Work to be completed
The answer is the data repeated in full, with no pictures included.

Data provided
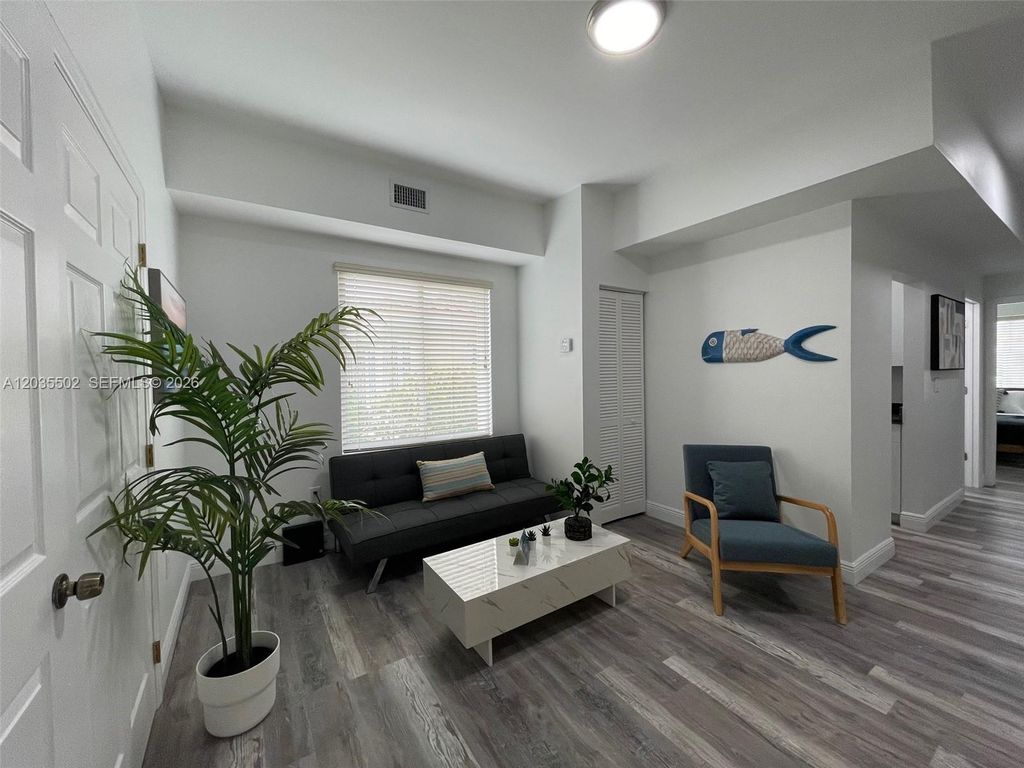 29 Oviedo Ave 1, Coral Gables, FL 33134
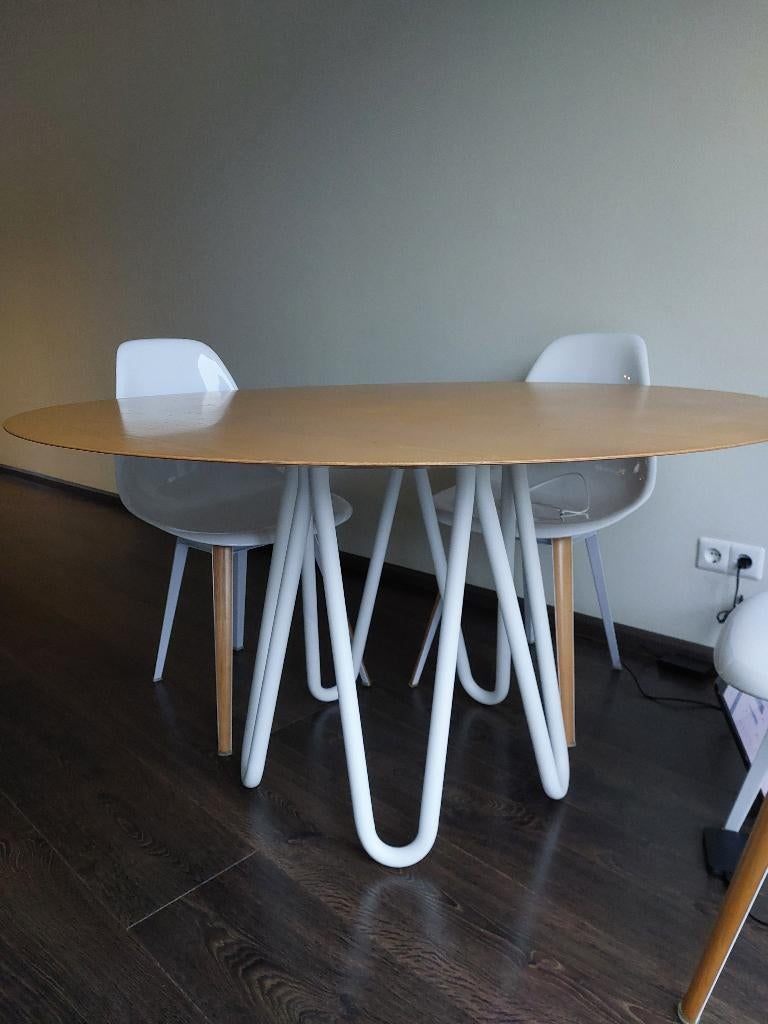 Casamania eettafel doorsnede 1.30, Ophalen, Design, Rond, Zo goed als nieuw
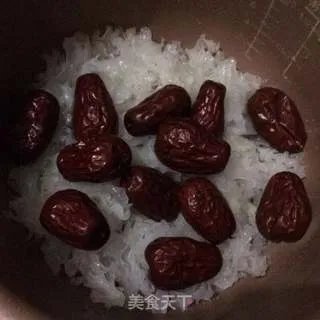 红枣银耳汤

Task result
 29 Oviedo Ave 1, Coral Gables, FL 33134
 Casamania eettafel doorsnede 1.30, Ophalen, Design, Rond, Zo goed als nieuw
 红枣银耳汤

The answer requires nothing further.